Real-time positioning and map construction (simultaneous localization and mapping, abbreviated as SLAM), used for parallel construction of environment model (map) and state estimation of robots moving in it. In other words, SLAM provides you with a way to track the location of robots in the world in real time and identify landmarks such as buildings, trees, rocks and other world features. In addition to localization, we also want to model the robot environment so that we have a concept of objects and landmarks around the robot. so that we can use this map data to ensure that robots are on the right path as they move around the world. Therefore, the key to building a map is that the robot itself may lose tracking of its position because of its motion uncertainty, because there is no existing map, and we are using robots to build maps in parallel. And this is where SLAM works.
SLAM's work:
Simultaneous positioning and mapping (SLAM) is based on collecting information from the robot's sensors and motion over time, and then using information about measurement and motion to reconstruct the world map. In this case, we locate the robot in the 2D grid world, so the graph-based SLAM method constructs a simplified estimation problem by extracting the original sensor measurements. These original measurements are replaced with edges in the figure, which can then be treated as virtual measurements. Suppose we have a robot and the initial positions x 0 = 0 and y 0 = 0. For this example, to keep it simple, we don't care about direction. Let's assume that the robot moves 10% to the right in the X direction. So, in an ideal world, you would know that x1 is in the same position as x0 + 10, that is, x1 = x0 + 10, and in the same way, y1 is the same as y0.
As shown in the figure, the displacement of the robot in the x direction is 10:
But according to Kalman filters and various other robotic technologies, we already know that the location is actually uncertain. Therefore, instead of assuming that the robot in our XY coordinate system has moved exactly 10 positions to the right, it should be understood that its actual position after the motion update of x1 = x0 + 10 is a Gaussian distribution centered on (10P0), but the robot may also be somewhere else.
Such as the picture: after the motion is updated, Gauss centers on the position of the robot.

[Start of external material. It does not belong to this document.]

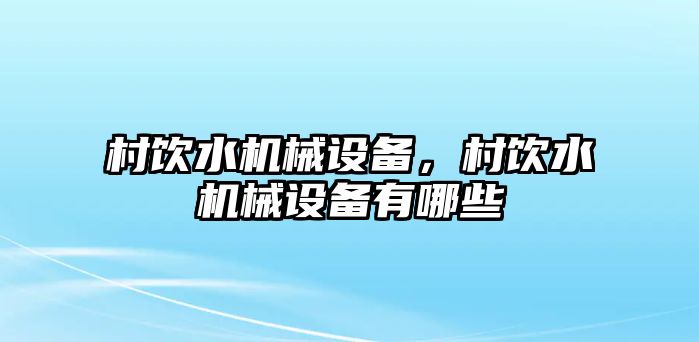 村飲水機械設備，村飲水機械設備有哪些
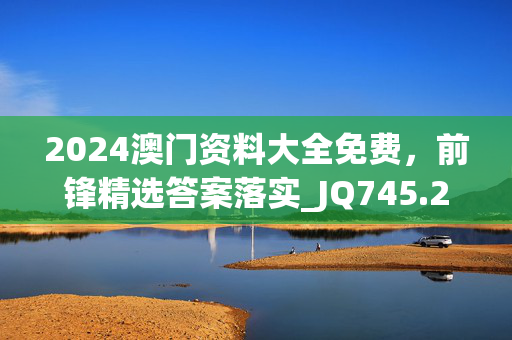 2024澳门资料大全免费，前锋精选答案落实_JQ745.2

This is the mathematical formula of the Gaussian of the x variable: when the two conditions are the same, instead of setting x1 to x0x10, it is better to use the Gaussian function to express it, and the Gaussian function reaches its peak at this time. So if you subtract x1-x0-10, turn it into a square, and then convert it to Gaussian, we will get the probability distribution related to x1 and x0. We can do the same conversion for y. According to our motion y is the same, so y1 and y0 are as close as possible.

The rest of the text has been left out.